_YOUR GOAL:_
Print the lines of the data, starting with the first, up to and including the line where "Tortoise Shell French" appears.

_GIVEN ENTRIES:_
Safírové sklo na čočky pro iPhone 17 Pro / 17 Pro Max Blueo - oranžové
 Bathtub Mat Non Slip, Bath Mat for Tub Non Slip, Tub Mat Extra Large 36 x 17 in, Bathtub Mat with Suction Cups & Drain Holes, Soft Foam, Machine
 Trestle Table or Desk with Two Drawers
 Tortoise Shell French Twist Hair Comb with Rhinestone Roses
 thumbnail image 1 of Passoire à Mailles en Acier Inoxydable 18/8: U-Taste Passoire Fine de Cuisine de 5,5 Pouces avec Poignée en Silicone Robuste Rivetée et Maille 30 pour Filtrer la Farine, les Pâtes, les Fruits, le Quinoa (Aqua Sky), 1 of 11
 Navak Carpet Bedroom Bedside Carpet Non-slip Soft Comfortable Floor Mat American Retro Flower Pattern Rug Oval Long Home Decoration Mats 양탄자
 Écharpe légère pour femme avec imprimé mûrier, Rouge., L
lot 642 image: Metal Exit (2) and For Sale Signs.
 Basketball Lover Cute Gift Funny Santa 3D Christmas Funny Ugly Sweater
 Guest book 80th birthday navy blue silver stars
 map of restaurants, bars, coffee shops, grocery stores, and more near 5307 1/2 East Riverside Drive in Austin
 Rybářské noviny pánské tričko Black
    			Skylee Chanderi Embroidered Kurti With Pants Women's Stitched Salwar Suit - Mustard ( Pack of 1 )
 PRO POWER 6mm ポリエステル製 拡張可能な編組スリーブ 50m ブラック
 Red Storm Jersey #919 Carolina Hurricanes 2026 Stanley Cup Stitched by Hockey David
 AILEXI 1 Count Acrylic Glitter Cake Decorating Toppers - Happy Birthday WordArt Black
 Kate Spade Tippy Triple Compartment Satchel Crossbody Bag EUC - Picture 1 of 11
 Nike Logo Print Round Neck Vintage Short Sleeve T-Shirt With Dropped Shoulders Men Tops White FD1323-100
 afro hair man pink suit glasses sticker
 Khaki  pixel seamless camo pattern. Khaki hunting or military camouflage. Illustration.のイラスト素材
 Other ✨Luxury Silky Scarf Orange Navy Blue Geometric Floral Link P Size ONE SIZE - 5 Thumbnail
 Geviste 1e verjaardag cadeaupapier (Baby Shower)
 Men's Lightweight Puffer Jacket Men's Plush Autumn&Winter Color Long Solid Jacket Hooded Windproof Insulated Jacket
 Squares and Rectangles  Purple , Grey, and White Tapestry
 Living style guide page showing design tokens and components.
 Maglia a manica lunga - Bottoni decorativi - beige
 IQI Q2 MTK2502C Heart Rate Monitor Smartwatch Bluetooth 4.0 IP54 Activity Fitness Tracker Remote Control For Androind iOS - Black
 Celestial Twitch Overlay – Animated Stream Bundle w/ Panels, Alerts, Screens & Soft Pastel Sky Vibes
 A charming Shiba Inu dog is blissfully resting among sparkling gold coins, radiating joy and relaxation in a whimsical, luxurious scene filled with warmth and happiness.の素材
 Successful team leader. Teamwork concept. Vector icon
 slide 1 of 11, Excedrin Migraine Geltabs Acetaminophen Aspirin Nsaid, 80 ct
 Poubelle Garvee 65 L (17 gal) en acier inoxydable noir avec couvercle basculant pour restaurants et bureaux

_COMPLETED TASK:_
Safírové sklo na čočky pro iPhone 17 Pro / 17 Pro Max Blueo - oranžové
 Bathtub Mat Non Slip, Bath Mat for Tub Non Slip, Tub Mat Extra Large 36 x 17 in, Bathtub Mat with Suction Cups & Drain Holes, Soft Foam, Machine
 Trestle Table or Desk with Two Drawers
 Tortoise Shell French Twist Hair Comb with Rhinestone Roses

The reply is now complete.